'''
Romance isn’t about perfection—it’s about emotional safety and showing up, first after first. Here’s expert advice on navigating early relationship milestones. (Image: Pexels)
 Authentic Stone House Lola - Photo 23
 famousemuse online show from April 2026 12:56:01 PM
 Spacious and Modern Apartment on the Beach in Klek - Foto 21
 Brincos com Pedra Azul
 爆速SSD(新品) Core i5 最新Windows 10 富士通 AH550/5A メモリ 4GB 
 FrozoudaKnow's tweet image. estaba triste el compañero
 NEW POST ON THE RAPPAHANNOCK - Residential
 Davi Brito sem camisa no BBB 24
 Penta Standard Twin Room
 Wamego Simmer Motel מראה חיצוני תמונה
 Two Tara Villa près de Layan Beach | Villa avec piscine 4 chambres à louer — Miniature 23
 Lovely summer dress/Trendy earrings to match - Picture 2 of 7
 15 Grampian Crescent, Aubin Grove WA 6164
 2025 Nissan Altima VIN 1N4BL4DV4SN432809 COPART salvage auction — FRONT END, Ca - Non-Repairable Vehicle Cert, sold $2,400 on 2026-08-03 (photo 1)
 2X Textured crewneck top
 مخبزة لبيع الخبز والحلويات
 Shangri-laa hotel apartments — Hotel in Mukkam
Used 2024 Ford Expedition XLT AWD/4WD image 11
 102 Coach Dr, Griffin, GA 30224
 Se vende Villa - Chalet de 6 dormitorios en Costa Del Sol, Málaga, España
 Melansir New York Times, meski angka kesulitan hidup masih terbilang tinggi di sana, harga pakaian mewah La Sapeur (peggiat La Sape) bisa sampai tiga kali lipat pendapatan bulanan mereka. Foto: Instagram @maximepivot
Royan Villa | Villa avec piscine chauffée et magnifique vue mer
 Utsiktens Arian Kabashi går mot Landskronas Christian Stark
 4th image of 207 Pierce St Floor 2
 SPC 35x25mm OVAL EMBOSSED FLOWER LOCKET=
'''
Brief - Set down the whole of the material, exactly.

Problem solution -
Romance isn’t about perfection—it’s about emotional safety and showing up, first after first. Here’s expert advice on navigating early relationship milestones. (Image: Pexels)
 Authentic Stone House Lola - Photo 23
 famousemuse online show from April 2026 12:56:01 PM
 Spacious and Modern Apartment on the Beach in Klek - Foto 21
 Brincos com Pedra Azul
 爆速SSD(新品) Core i5 最新Windows 10 富士通 AH550/5A メモリ 4GB 
 FrozoudaKnow's tweet image. estaba triste el compañero
 NEW POST ON THE RAPPAHANNOCK - Residential
 Davi Brito sem camisa no BBB 24
 Penta Standard Twin Room
 Wamego Simmer Motel מראה חיצוני תמונה
 Two Tara Villa près de Layan Beach | Villa avec piscine 4 chambres à louer — Miniature 23
 Lovely summer dress/Trendy earrings to match - Picture 2 of 7
 15 Grampian Crescent, Aubin Grove WA 6164
 2025 Nissan Altima VIN 1N4BL4DV4SN432809 COPART salvage auction — FRONT END, Ca - Non-Repairable Vehicle Cert, sold $2,400 on 2026-08-03 (photo 1)
 2X Textured crewneck top
 مخبزة لبيع الخبز والحلويات
 Shangri-laa hotel apartments — Hotel in Mukkam
Used 2024 Ford Expedition XLT AWD/4WD image 11
 102 Coach Dr, Griffin, GA 30224
 Se vende Villa - Chalet de 6 dormitorios en Costa Del Sol, Málaga, España
 Melansir New York Times, meski angka kesulitan hidup masih terbilang tinggi di sana, harga pakaian mewah La Sapeur (peggiat La Sape) bisa sampai tiga kali lipat pendapatan bulanan mereka. Foto: Instagram @maximepivot
Royan Villa | Villa avec piscine chauffée et magnifique vue mer
 Utsiktens Arian Kabashi går mot Landskronas Christian Stark
 4th image of 207 Pierce St Floor 2
 SPC 35x25mm OVAL EMBOSSED FLOWER LOCKET=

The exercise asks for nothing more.